Haben wir genug Zeit, genug Menschen zu erreichen, bevor sich der Reis über die Felder ausbreitet?
Ich weiß es nicht.
Manchmal fühle ich mich mit dieser Vision unglaublich klein. Den Wasserarm können wir nicht aufhalten. Wir können nicht entscheiden, wie sich eine ganze Region entwickelt. Wir können nur unseren Teil tun: zuhören, zeigen, ausprobieren, inspirieren. Eine Farmerin, einen Jugendlichen, einen Schritt nach dem anderen.
Vielleicht reicht das.
Im Oktober starten auf unserer Farm wieder unsere regelmäßigen Farmer's Trainings und Jugendkurse.

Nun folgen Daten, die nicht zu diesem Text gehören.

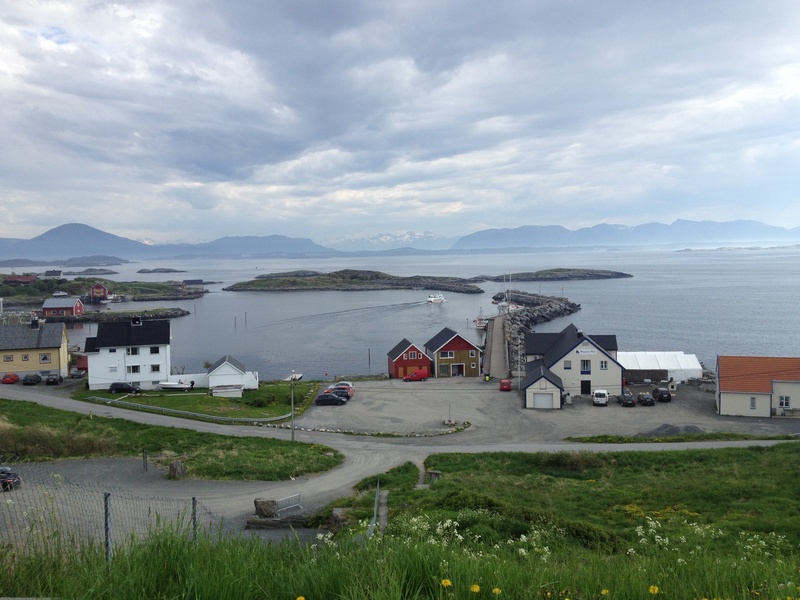 house, grass, building, norway, mountain, lake, land, port, 2K, sea, the coastal, no people, sky, outdoors, architecture, built structure, bid, residential district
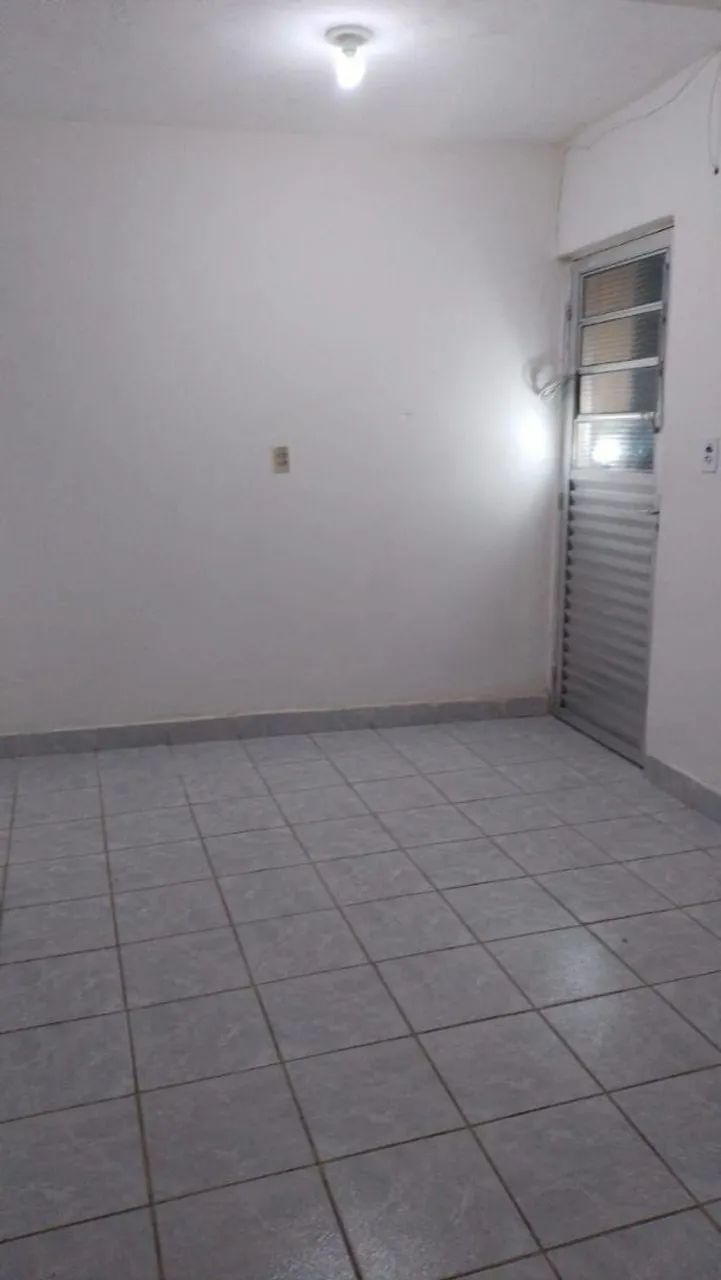 ALUGA-SE CASA EM AFOGADOS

In diesen Tagen bereitet sich unser Team vor: Was möchten wir den Farmern mitgeben, was können sie direkt praktisch anwenden? wie können wir sie auf dem Weg in regenerative Landwirtschaft begleiten?
Diese Planungstreffen geben uns immer Hoffnung.
Wir werden den Fluss nicht aufhalten. Bestimmt auch den Reis nicht.
Aber wir können einen anderen Fluss in Bewegung bringen.
Einen Fluss aus Wissen, Ideen und Menschen, die glauben, dass Fortschritt nicht auf Kosten dessen gehen muss, was uns überhaupt erst am Leben hält.
Dafür brauchen wir Unterstützung: für unser Team, weitere Trainings, die Ausbildung von unseren lokalen Farmer-Trainer*innen und dafür, dass FaMoja langfristig selbsttragend werden kann.
Du kannst uns dabei unterstützen – einmalig oder regelmäßig. Du kannst von unserer Arbeit erzählen, Njoki weiterleiten oder eine Idee von hier mitnehmen und weitertragen.
Denn was hier im kleinen Dorf passiert, ist gar nicht so lokal, wie es aussieht. Wasser kennt keine Grenzen. Böden kennen keine Grenzen. Und die Erde, auf der wir leben, ist dieselbe, hier wie dort.
Der neue Fluss ist da. Und wir pflanzen weiter.
Und wir können dafür sorgen, dass es mehr als einen Weg gibt, den das Wasser nehmen kann.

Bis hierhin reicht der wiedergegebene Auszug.